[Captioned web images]
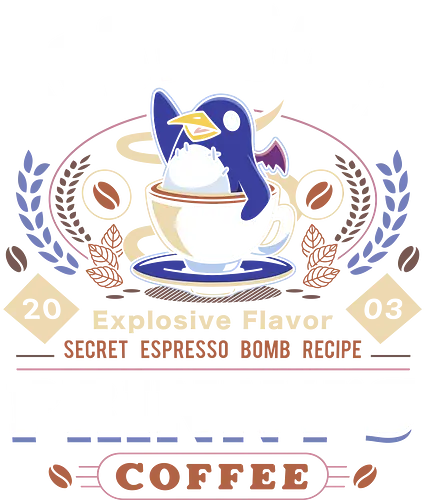 Prinny Dood Coffee Emblem - disgaea, prinny, etna, laharl, suisen, dood, phantom brave, video game, gaming, gamer, coffee, valvatorez, usalia, king krichevskoy, pirilika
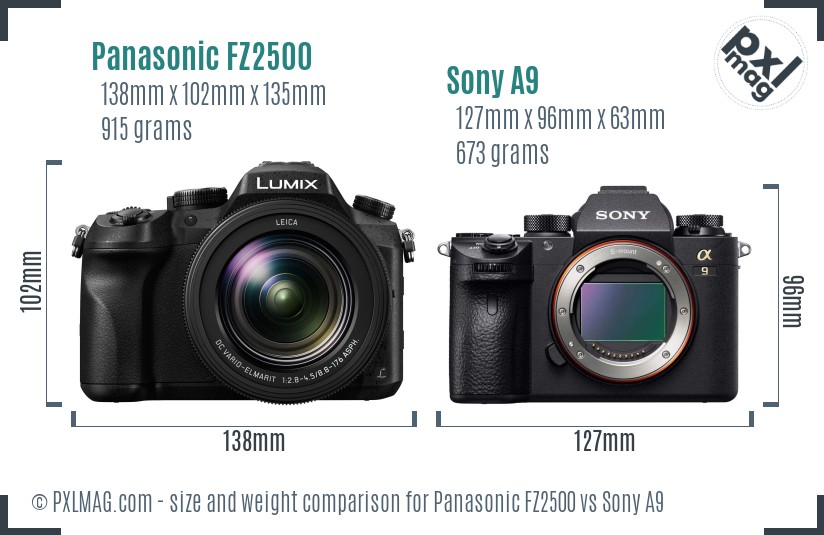 Panasonic FZ2500 vs Sony A9 size comparison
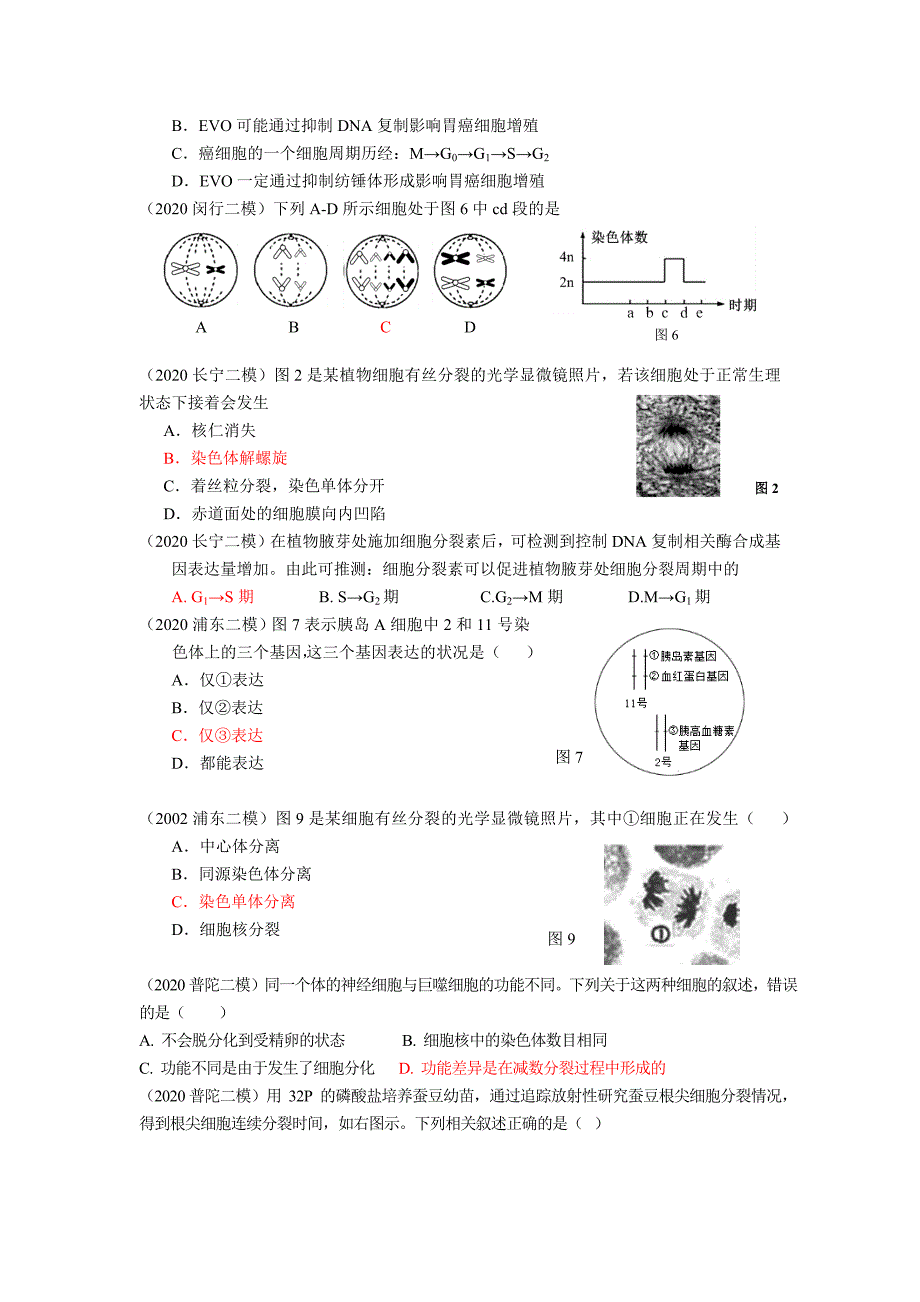 沪科版2020生命科学二模选择题分类汇编：细胞分裂分化_第4页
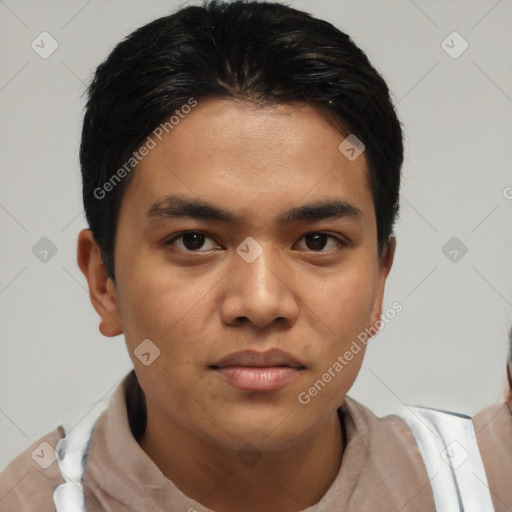 Neutral asian young-adult male with short  black hair and brown eyes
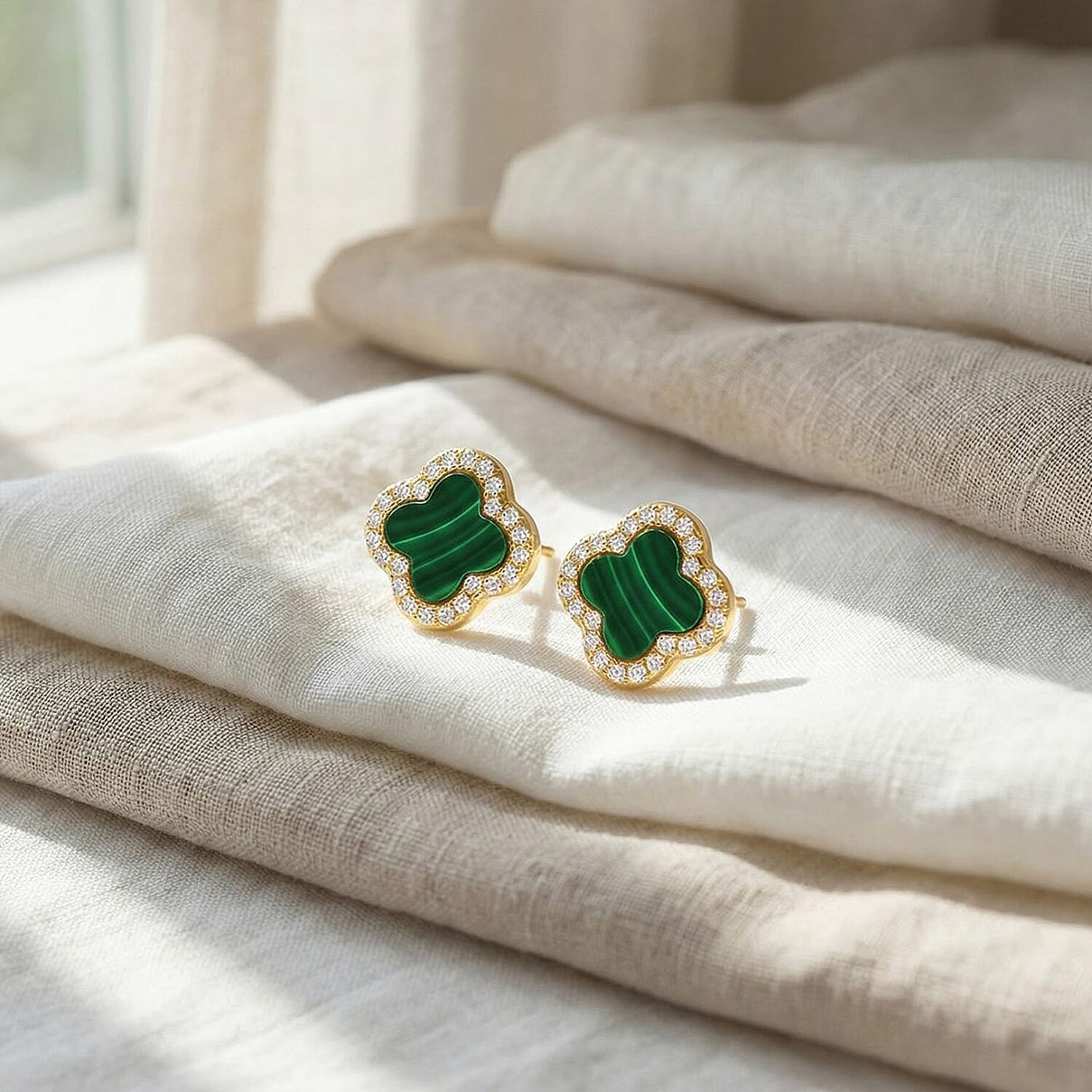 Malachite &amp; Cubic Zirconia Clover Halo Stud Earring in Gold Plated Sterling Silver 8422394 5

* _Task description_: All of the data must be set down exactly, with no pictures included.

* _Answer below_:
 Prinny Dood Coffee Emblem - disgaea, prinny, etna, laharl, suisen, dood, phantom brave, video game, gaming, gamer, coffee, valvatorez, usalia, king krichevskoy, pirilika
 Panasonic FZ2500 vs Sony A9 size comparison
 沪科版2020生命科学二模选择题分类汇编：细胞分裂分化_第4页
 Neutral asian young-adult male with short  black hair and brown eyes
 Malachite &amp; Cubic Zirconia Clover Halo Stud Earring in Gold Plated Sterling Silver 8422394 5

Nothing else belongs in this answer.